Segment Start: DATA FOR REVIEW
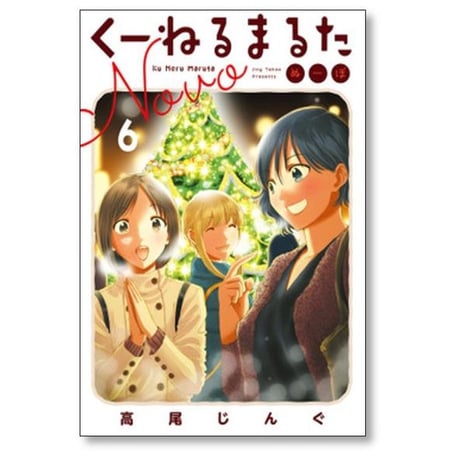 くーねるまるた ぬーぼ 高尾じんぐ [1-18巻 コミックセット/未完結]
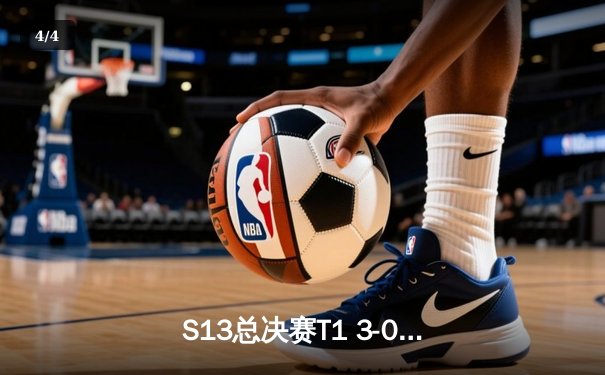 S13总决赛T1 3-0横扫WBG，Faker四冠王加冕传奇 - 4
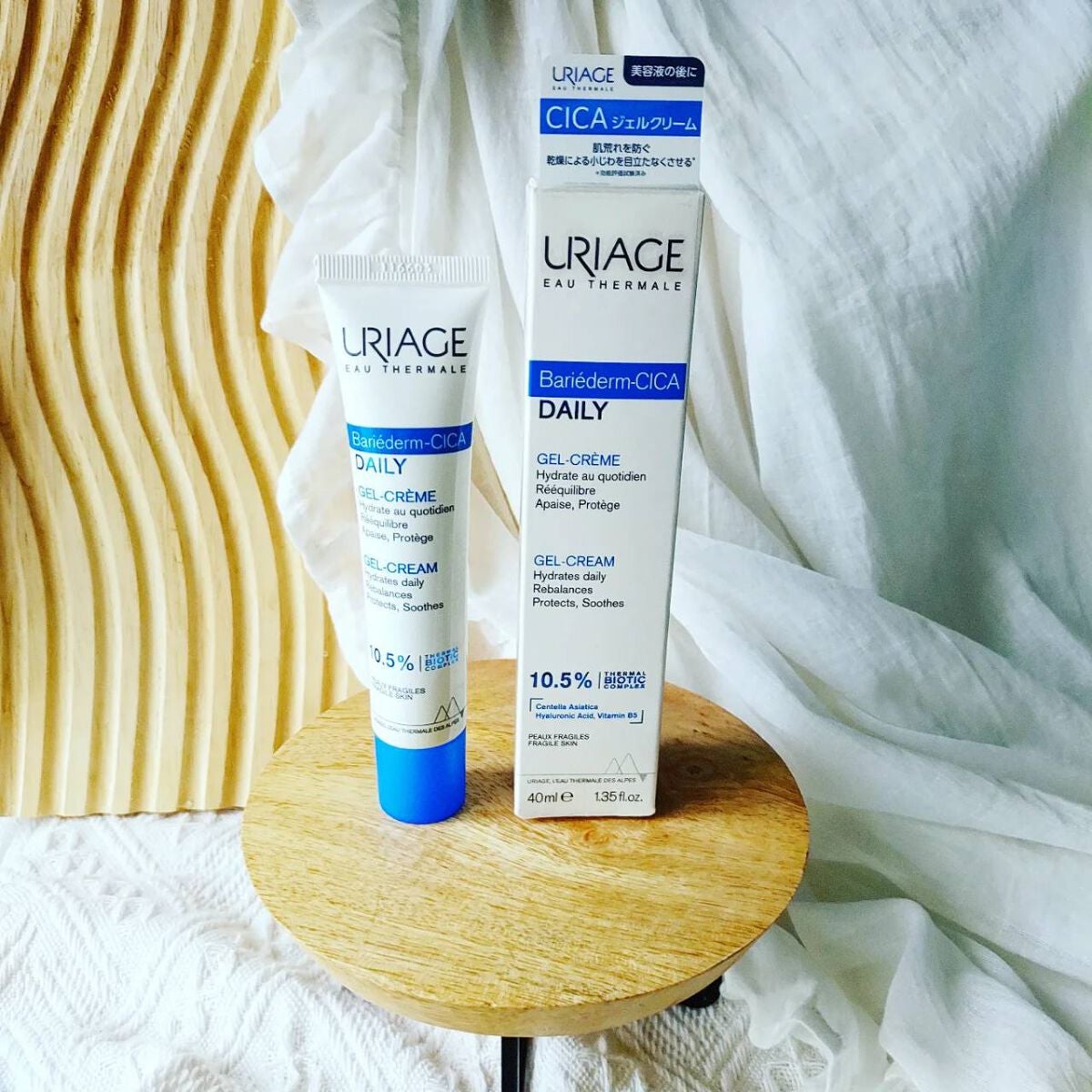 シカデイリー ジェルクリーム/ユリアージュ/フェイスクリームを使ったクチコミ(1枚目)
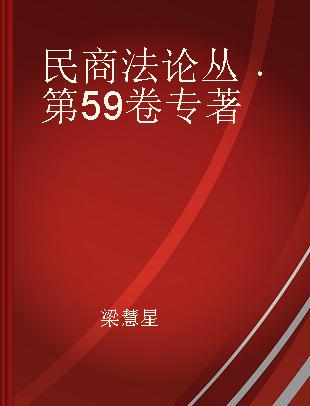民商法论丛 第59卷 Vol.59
Segment End: DATA FOR REVIEW
Segment Start: DATA FOR REVIEW
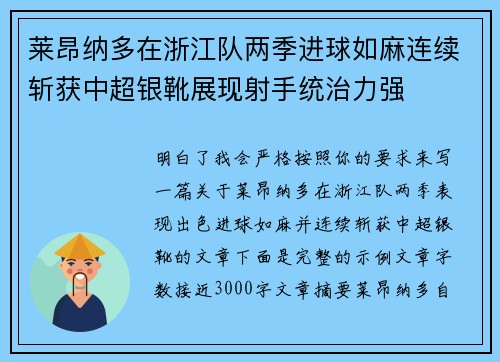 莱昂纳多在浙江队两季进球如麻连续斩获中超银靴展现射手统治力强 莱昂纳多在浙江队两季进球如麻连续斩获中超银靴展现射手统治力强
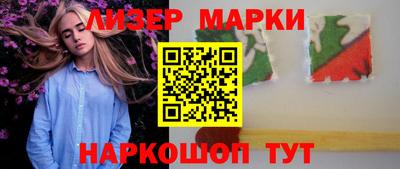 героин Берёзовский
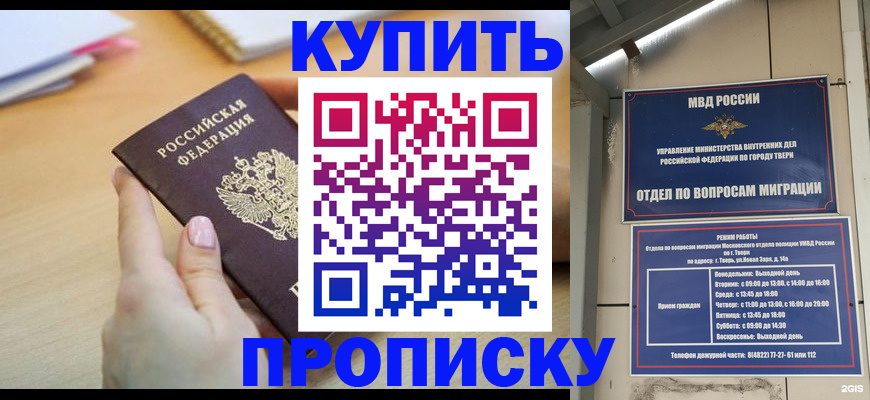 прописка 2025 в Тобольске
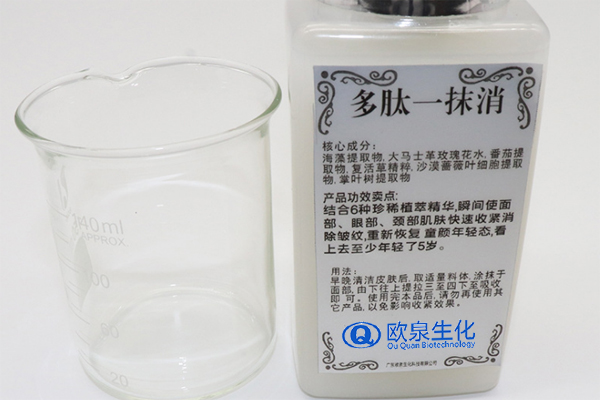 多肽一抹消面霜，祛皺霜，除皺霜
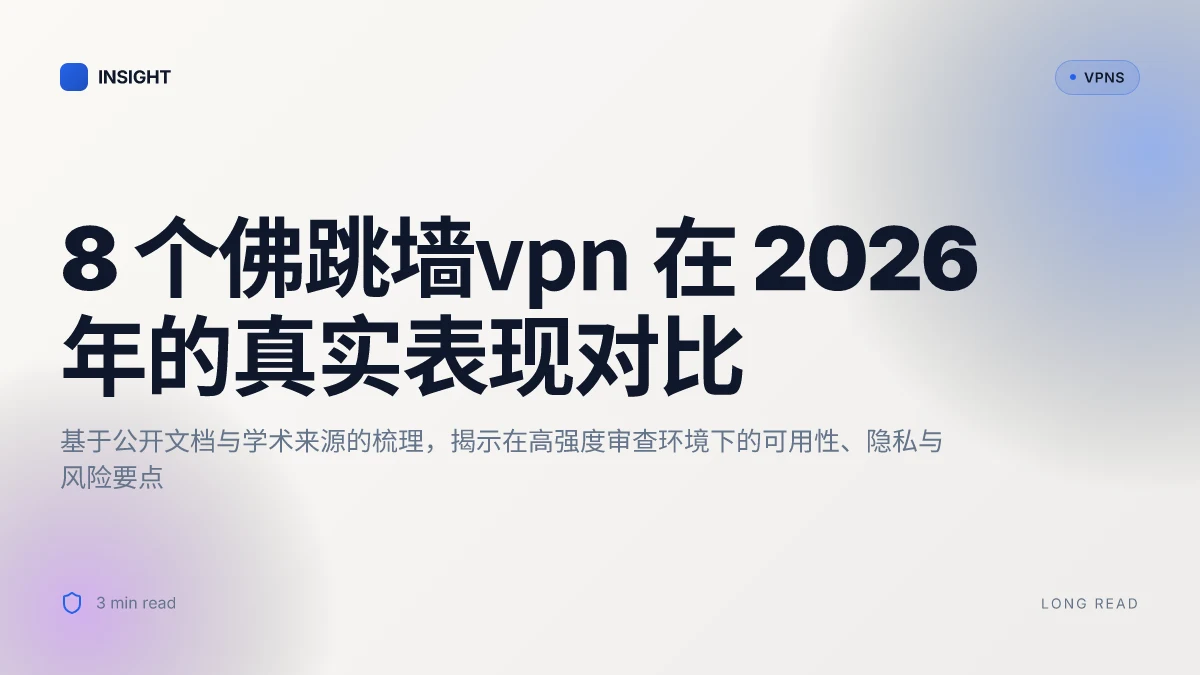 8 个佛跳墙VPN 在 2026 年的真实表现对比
Segment End: DATA FOR REVIEW
Segment Start: DATA FOR REVIEW
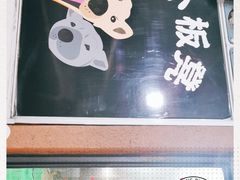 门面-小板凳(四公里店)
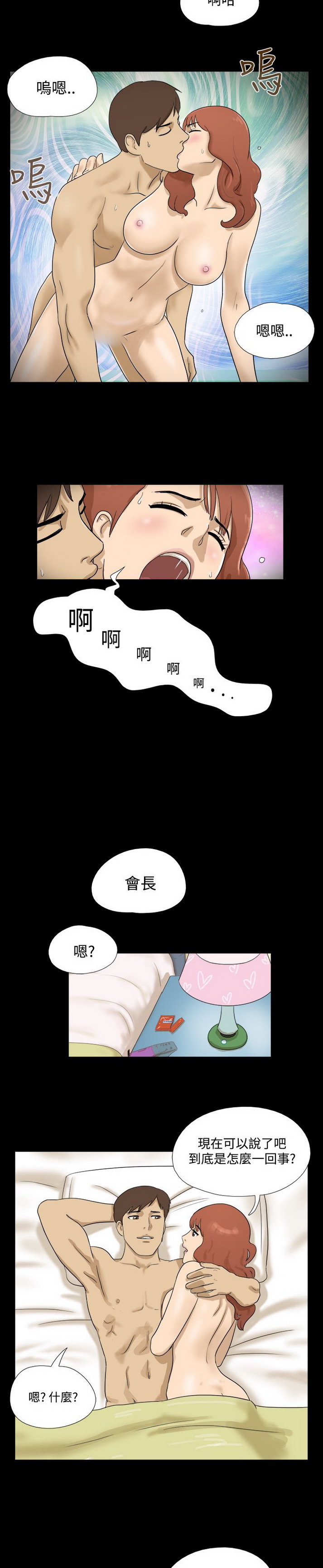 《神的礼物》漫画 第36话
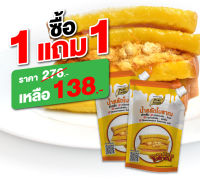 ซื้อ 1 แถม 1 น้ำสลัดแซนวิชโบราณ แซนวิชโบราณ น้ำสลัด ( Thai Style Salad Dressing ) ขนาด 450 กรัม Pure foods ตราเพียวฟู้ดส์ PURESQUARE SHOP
Segment End: DATA FOR REVIEW
» **YOUR ASSIGNMENT**: Give back the exact lines above, running from the one that has "くーねるまるた ぬーぼ 高尾じんぐ [1-18巻 コミックセット/未完結]" through the one that has "民商法论丛 第59卷 Vol.59", with nothing added and no pictures.

» **RESPONSE TO THE TASK**:
 くーねるまるた ぬーぼ 高尾じんぐ [1-18巻 コミックセット/未完結]
 S13总决赛T1 3-0横扫WBG，Faker四冠王加冕传奇 - 4
 シカデイリー ジェルクリーム/ユリアージュ/フェイスクリームを使ったクチコミ(1枚目)
民商法论丛 第59卷 Vol.59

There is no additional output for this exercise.